So, I haven't actually made much progress toward an explanation of what an enthymeme is, and since that's my goal in all of this, I'll get to it.
I was mislead by my reading of Aristotle last spring. I took a course on rhetoric, and the prof made passing reference to what Aristotle calls "the body of persuasion," the enthymeme. It intrigued me, as it reminded me of some part of the process a poet goes through in constructing a poem's speech act, so I wrote a paper on it, trying to flesh it out. My assessment was that it's a truncated syllogism, the syllogism of the rhetorician, which he uses to give the sense of logical demonstration to his speech. As Aristotle says, we are most convinced when we feel like something has been demonstrated. When we've seen it with our own eyes. But the Rhetorician can't bother with the exact science of logicians and philosophers -- he's talking to common folk, and even if they could follow him, it'd be boring from the pulpit, and the incandescence of his speech would dim. Therefore, he makes these quasi-syllogisms, that rely on a knowledge of what the audience already knows: I give you a premise, perhaps, knowing you will supply the other, so that when I add the conclusion, you feel like you're in the know, and I've saved time. I don't have to chase down proofs for what you already accept as true.
And that to me sounded like poetry: the way a poet heaps up tropes together, each associated with a set of cultural values, into a syllogistic sort of form, so that by the time the poems ends, a conclusion has been reached - an ideological conclusion. The reader has been lead to find convincing a certain emotional/intellectual stance - to find themselves standing the way the poet wants them to stand, within the field of possible ideological positions on any given subject. (Most often, I think, the ideology presented to us is an earnest agnosticism, sometimes kind & wonderstruck, and sometimes cynical and biting, leaning towards nihilism.) Each cultural trope used has some approximately known meaning, so that we can weave them together like a math problem, with prosody lending the rhetoric a helping hand, so that the sum of it resonates between emotion and idea.

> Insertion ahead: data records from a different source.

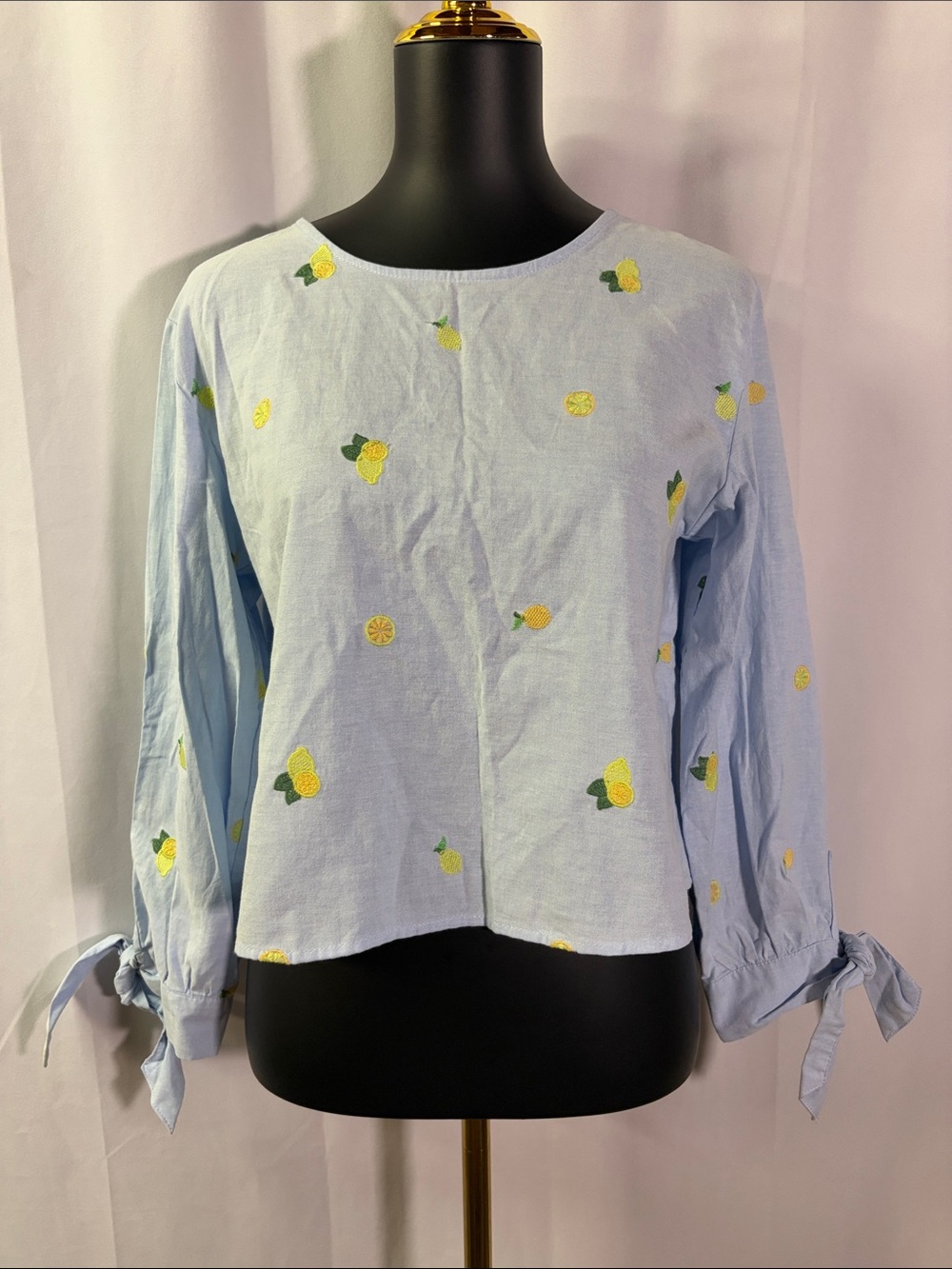 Rebellion Again Chambray Embroidered Lemon Print Cropped Tie Back Blouse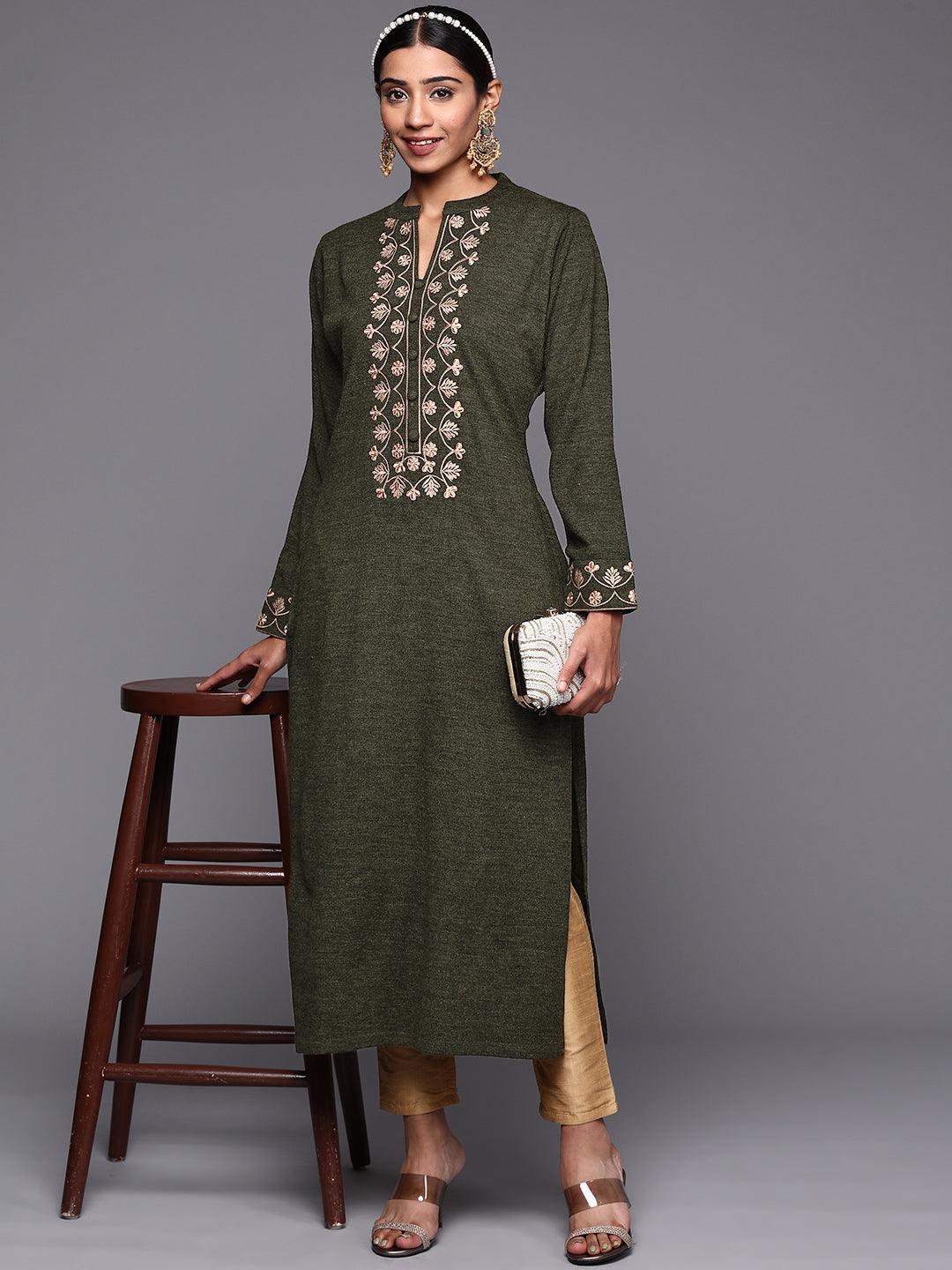 Green Yoke Design Wool Straight Kurta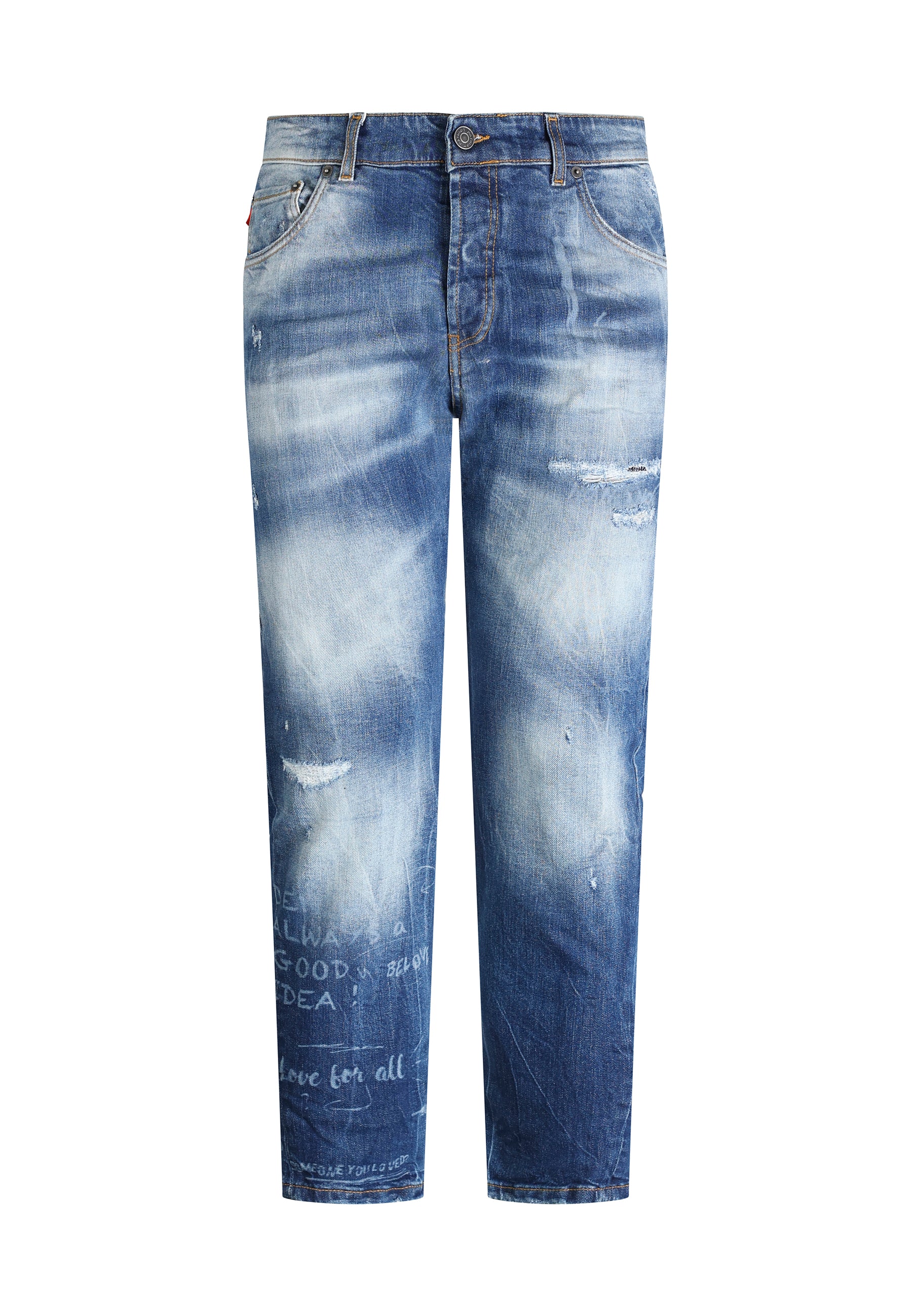 Jeans da Uomo Carrot fit lavaggio laser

Then I found Jeffrey Walker's book on ancient rhetoric; he argues that most contemporaries Rhetoric-scholars have it all wrong, because of a historical misreading of Aristotle. This misreading is really at the heart of his whole treatise. It's apparently the misreading that I had.
But I think that my way of taking the enthymeme into poetry actually produced an enthymeme closer to what Walker says the Greek's version of it was. By accident. I spend a lot of time thinking about how the lack of rigor in my studies will be the death of my scholarship, and then I remember that all I've ever made well has had, in some part of its development, an accident; has been somewhere founded on an unjustified, intuitive leap. And when I'm done thinking about that, I zone out and stare at the ceiling for an hour. Or read headlines. Headlines will be the death of my scholarship, if anything.

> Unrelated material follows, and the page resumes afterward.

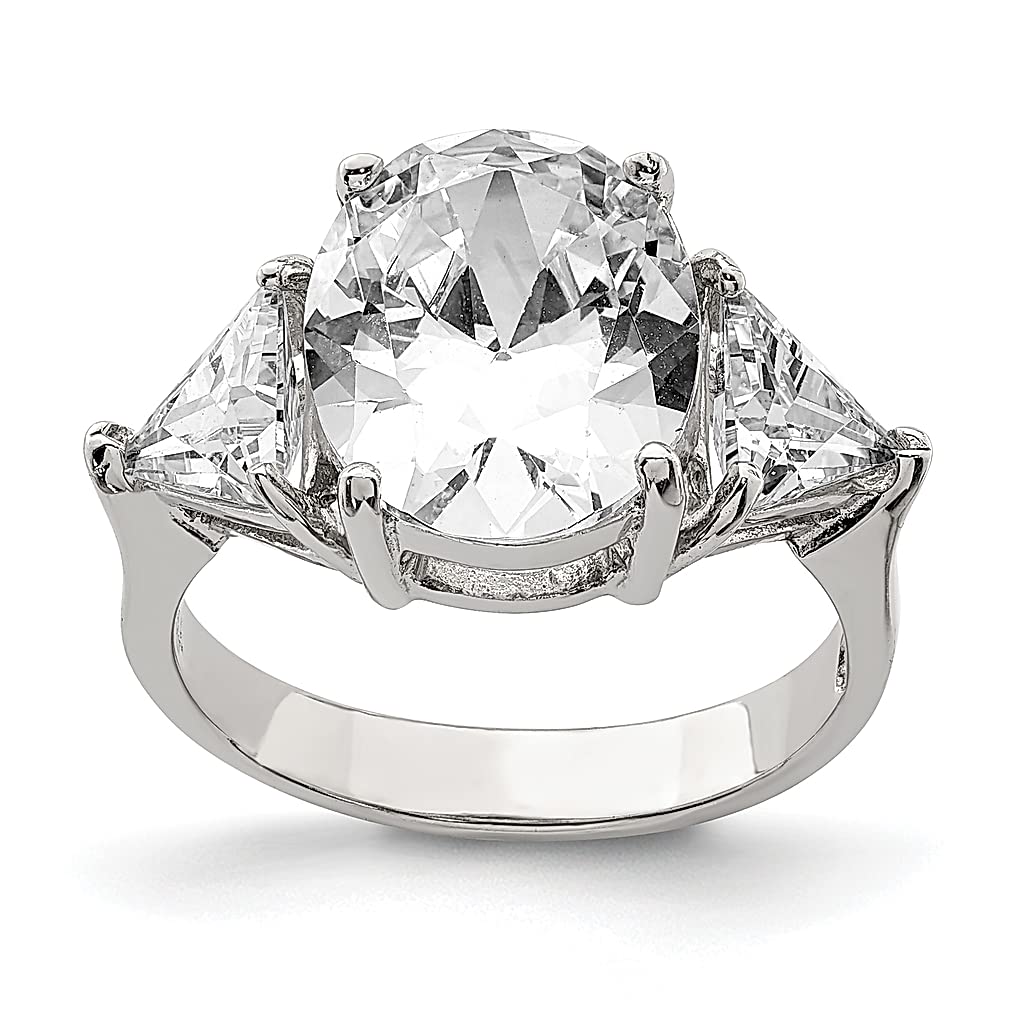 925 Sterling Silver Cubic Zirconia CZ Band Ring - Three Stone Engagement Ring for Women, Elegant Fine Jewelry Gift for Her - Perfect for Anniversaries, Proposals & Special Occasions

I love the way my painted Swainson's thrush sits in the window, with a perfect arc of California sun crowning his chesnut head. He looks eager to fly. (I'm still not a good rhetorician when I'm trying to be -- I was hoping to use that little interlude there with the reference to flying in much the same way a preacher uses humor -- to release, to cleanse, to regather the troops.)
Walker argues for a different, broader understanding of the enthymeme, and argues that originally, the enthymeme, though not yet refered to as such, was the heart of Greek poetry. But this is part of his larger argument, in the second half of the book: that lyric poetry is the most basic form of poetry, "synecdoche for 'poetic' discourse in general," and that "in archaic lyric we find embodied a poetic practice that predates the conceptualization of "poetry" and "rhetoric"" and is similar to what the sophists would call "epideictic" rhetoric; in other words, "as a fundamentally rhetorical practice, archaic lyric embodies a paradigm in which "poetry" may function (and did function) as culturally and politically significant civic discourse, that is, as an epideictic argumentation that can effectively shape communal judgements about dike, or what is "right" in various circumstances, and so can effectively intervene in, intensify, or modify prevailing ideological commitments or value-heirarchies."
I'm interested in this because of what I feel is a general squeemishness in American poetry toward admitting that poems do in fact embody specific ideologies.
And, with that, some left-over vegan pizza beckons. (Walker says that our misreading of Aristotle has lead to a grammaticalized poetics, so that a decorative representation of a subjective consciousness has become the norm -- its complicated -- but I'm thinking of what he might say about blogs.)